------ RECORDS SUPPLIED

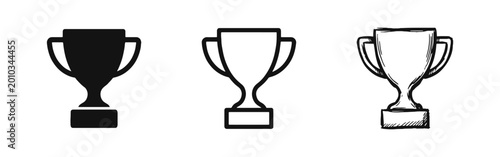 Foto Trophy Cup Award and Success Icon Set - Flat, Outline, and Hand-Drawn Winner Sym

------------
------ RECORDS SUPPLIED

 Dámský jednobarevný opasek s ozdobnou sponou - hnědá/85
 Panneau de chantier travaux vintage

------------

## AIM OF THE EXERCISE
In the material above, find the line containing "Dámský jednobarevný opasek" and the line containing "Panneau de chantier travaux vintage", then write out exactly those two lines and every line between them, and nothing more.

## YOUR RESPONSE
 Dámský jednobarevný opasek s ozdobnou sponou - hnědá/85
 Panneau de chantier travaux vintage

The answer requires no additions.